[Scraped caption text data]
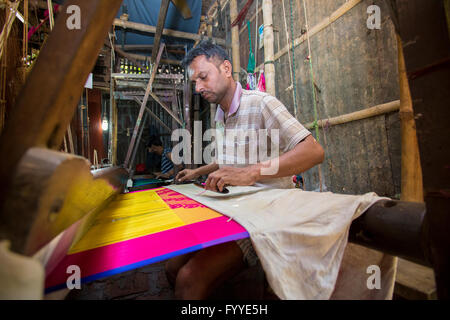 Md. irfan (36 anni) un benarashi palli lavoratore © jahangir alam onuchcha/alamy Foto Stock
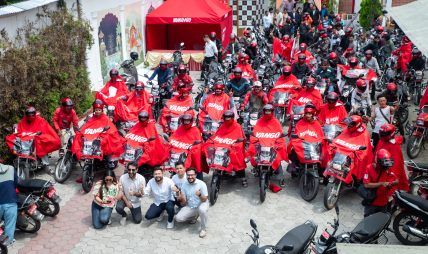 याङ्गो राइडद्वारा ट्राफिक प्रहरीसँगको सहकार्यमा सडक सुरक्षा कार्यक्रम आयोजना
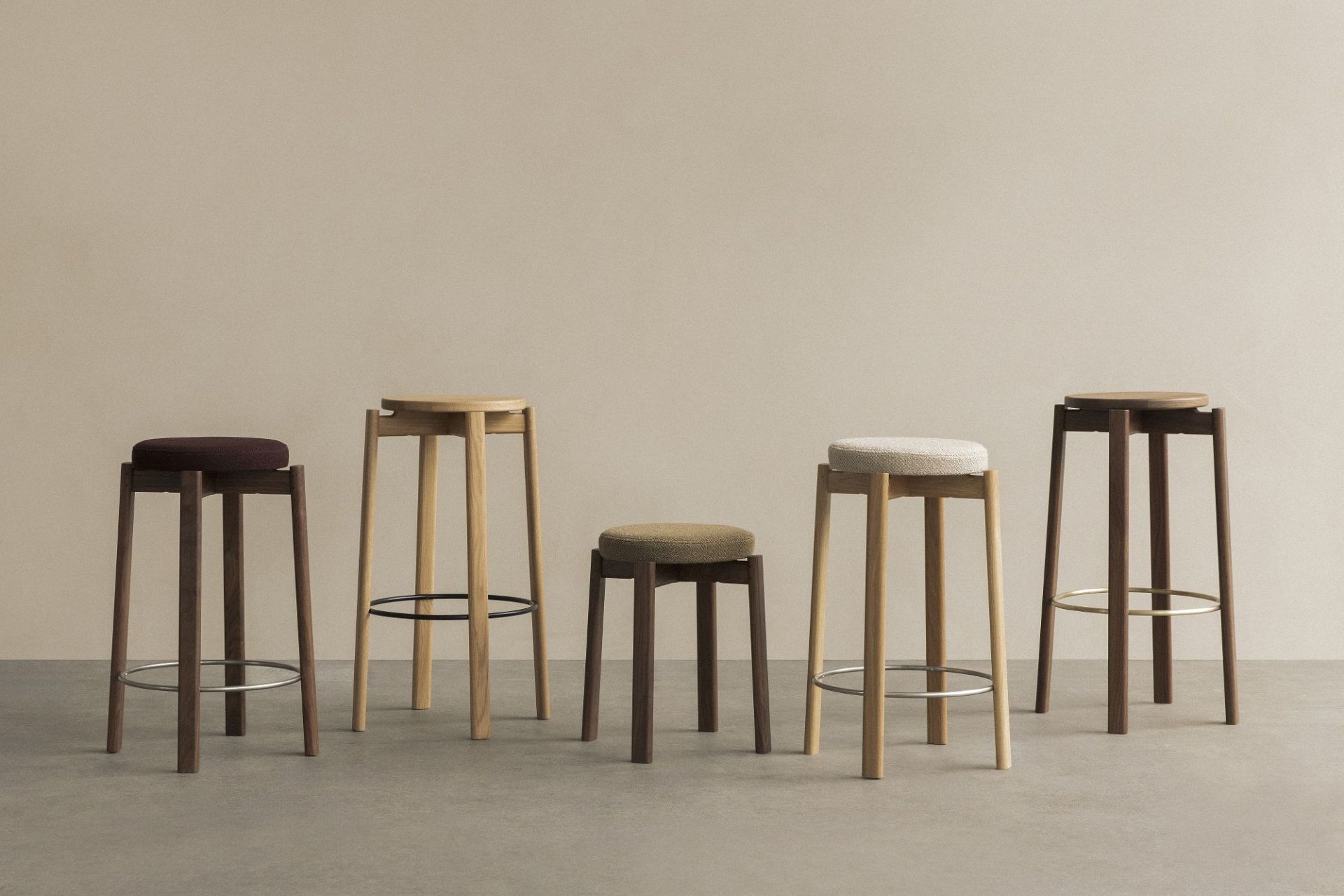 Fünf Audo Copenhagen Passage Bar Stools Barhocker aus Holz in verschiedenen Farben und Höhen.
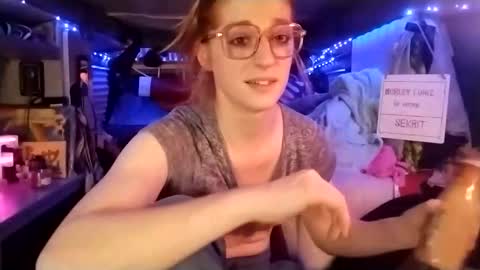 LesleyGumGrass- The Boring Trans girl online show from 03-04-25, 01:12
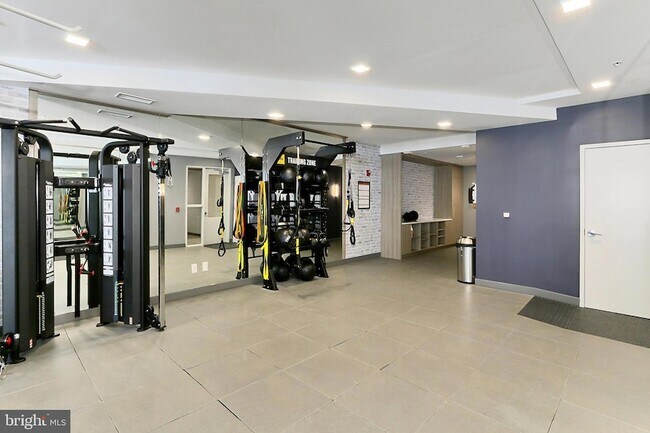 Building Photo - 635 Slaters Ln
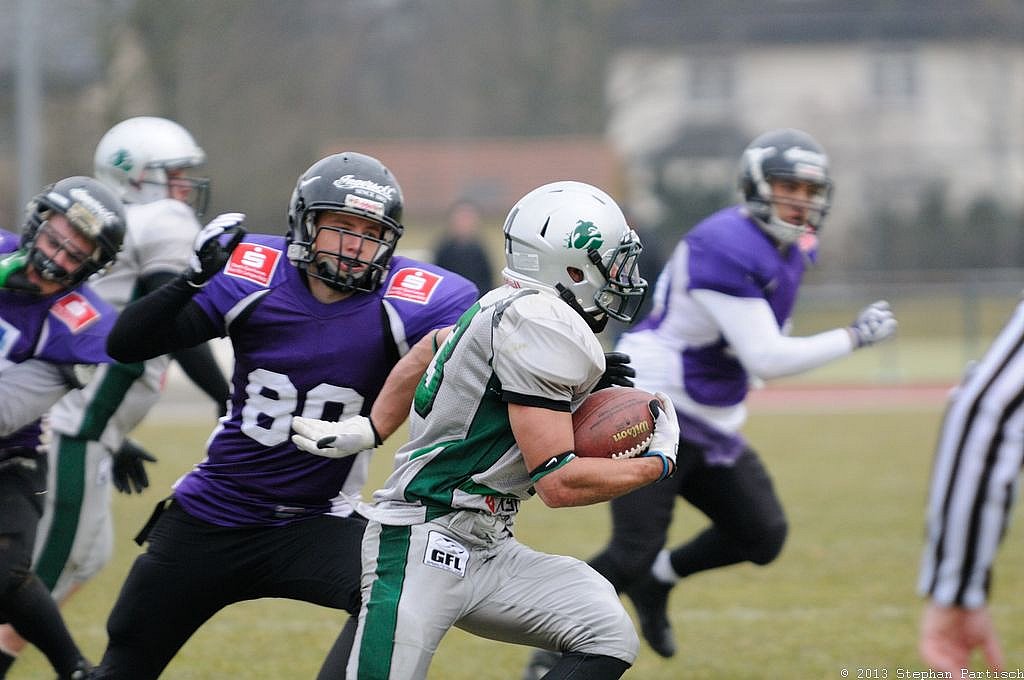 Langenfeld Longhorns vs. Bielefeld Bulldogs  - 06.04.2013 Vorbereitungsspiel Langenfeld Longhorns vs. Bielefeld Bulldogs (13:26) 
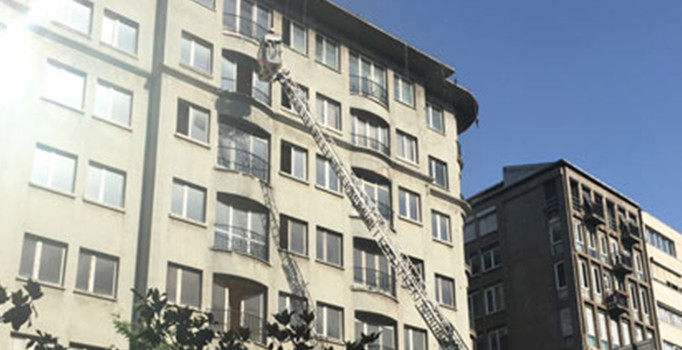 Etfal durağı yakınlarında korkutan yangın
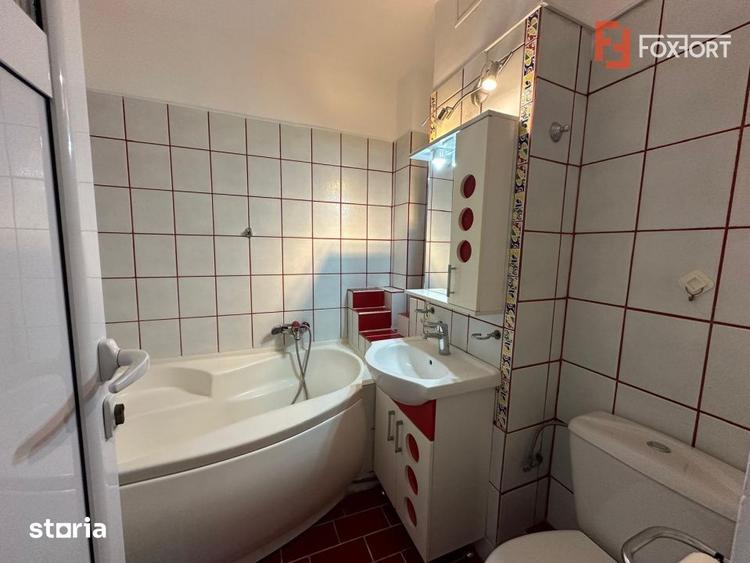 Apartament cu 2 camere semidecomandat, mobilat în Micălaca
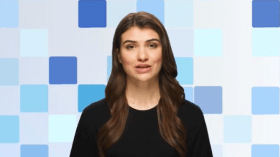 بالفيديو.. مذيعة الذكاء الاصطناعي تطمئن زميلاتها في “الجزيرة”!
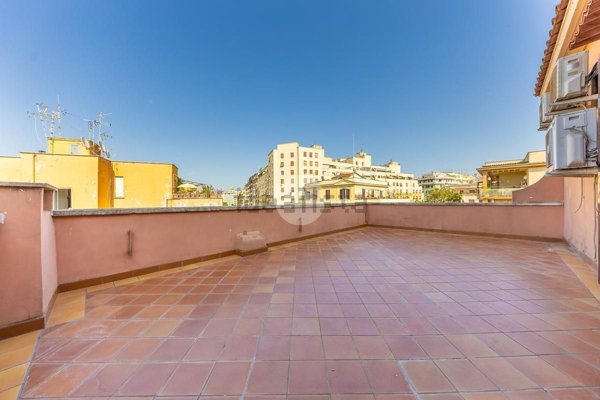 appartamento in vendita a Roma in zona Appio Latino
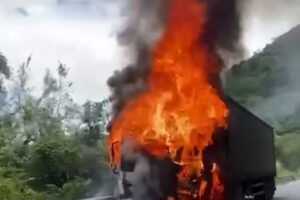 incendio:-caminhao-carregado-com-farinha-pega-fogo-na-br-222,-em-tiangua/ce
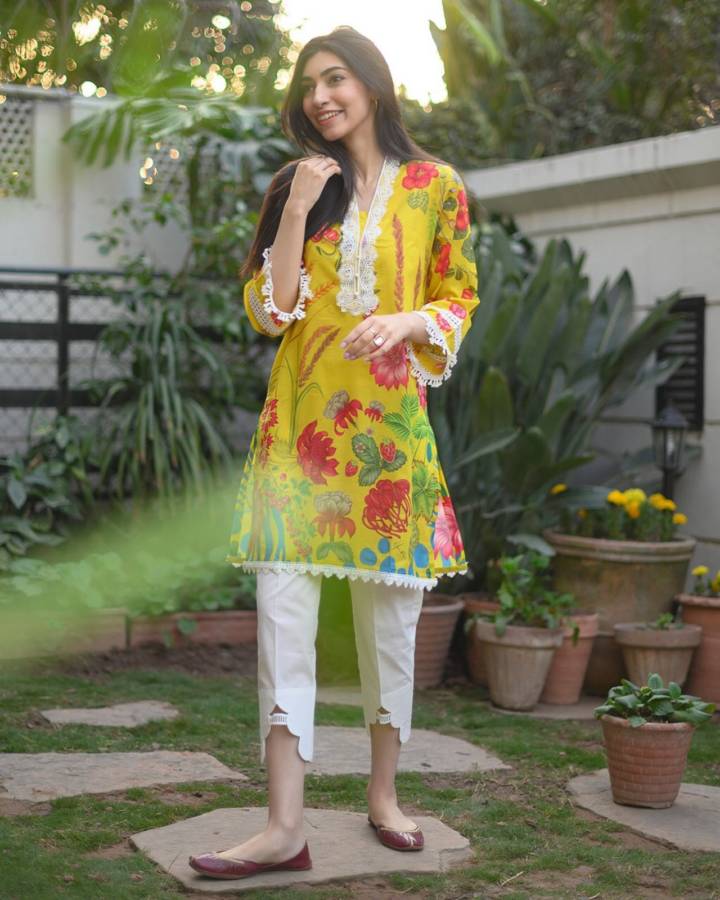 Ammara Khan Clothing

— Aim of the exercise —
Please transcribe every record above exactly as written, leaving out the pictures.

— Answer to this exercise —
 Md. irfan (36 anni) un benarashi palli lavoratore © jahangir alam onuchcha/alamy Foto Stock
 याङ्गो राइडद्वारा ट्राफिक प्रहरीसँगको सहकार्यमा सडक सुरक्षा कार्यक्रम आयोजना
 Fünf Audo Copenhagen Passage Bar Stools Barhocker aus Holz in verschiedenen Farben und Höhen.
 LesleyGumGrass- The Boring Trans girl online show from 03-04-25, 01:12
 Building Photo - 635 Slaters Ln
 Langenfeld Longhorns vs. Bielefeld Bulldogs  - 06.04.2013 Vorbereitungsspiel Langenfeld Longhorns vs. Bielefeld Bulldogs (13:26) 
 Etfal durağı yakınlarında korkutan yangın
 Apartament cu 2 camere semidecomandat, mobilat în Micălaca
 بالفيديو.. مذيعة الذكاء الاصطناعي تطمئن زميلاتها في “الجزيرة”!
 appartamento in vendita a Roma in zona Appio Latino
 incendio:-caminhao-carregado-com-farinha-pega-fogo-na-br-222,-em-tiangua/ce
 Ammara Khan Clothing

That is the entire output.